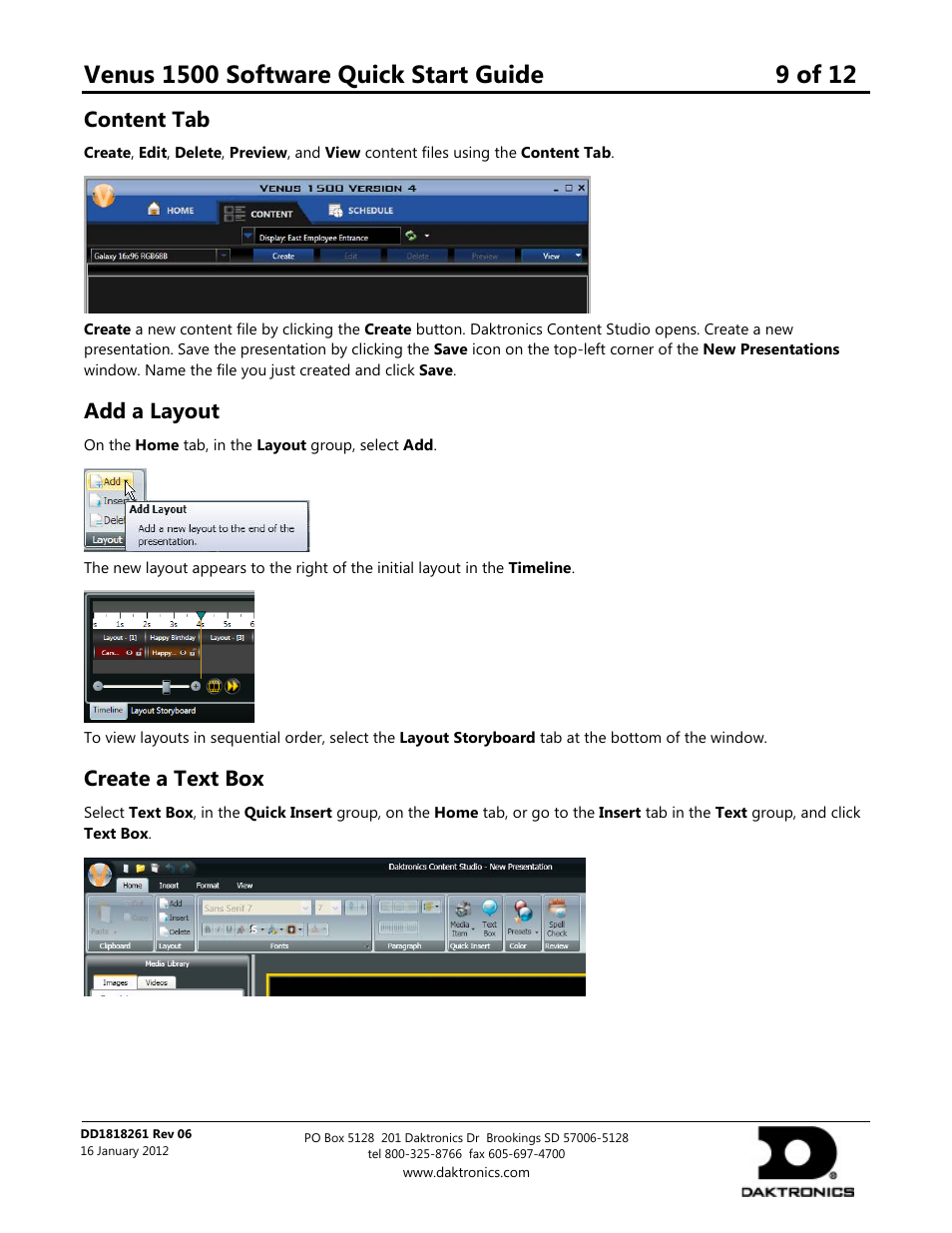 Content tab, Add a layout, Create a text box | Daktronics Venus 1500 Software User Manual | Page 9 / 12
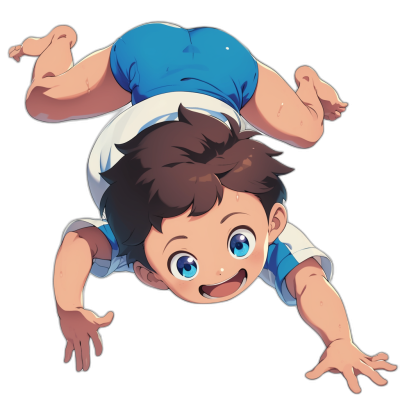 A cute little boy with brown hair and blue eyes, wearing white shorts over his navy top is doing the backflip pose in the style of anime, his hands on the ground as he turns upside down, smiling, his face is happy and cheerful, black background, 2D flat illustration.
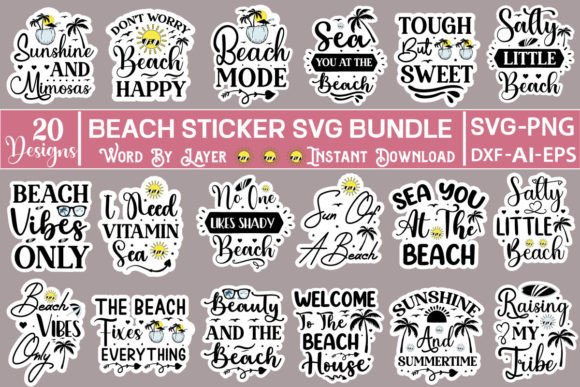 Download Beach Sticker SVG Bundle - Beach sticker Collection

Exercise:
Print the full listing again exactly, and drop every image from it.

Finished task:
 Content tab, Add a layout, Create a text box | Daktronics Venus 1500 Software User Manual | Page 9 / 12
 A cute little boy with brown hair and blue eyes, wearing white shorts over his navy top is doing the backflip pose in the style of anime, his hands on the ground as he turns upside down, smiling, his face is happy and cheerful, black background, 2D flat illustration.
 Download Beach Sticker SVG Bundle - Beach sticker Collection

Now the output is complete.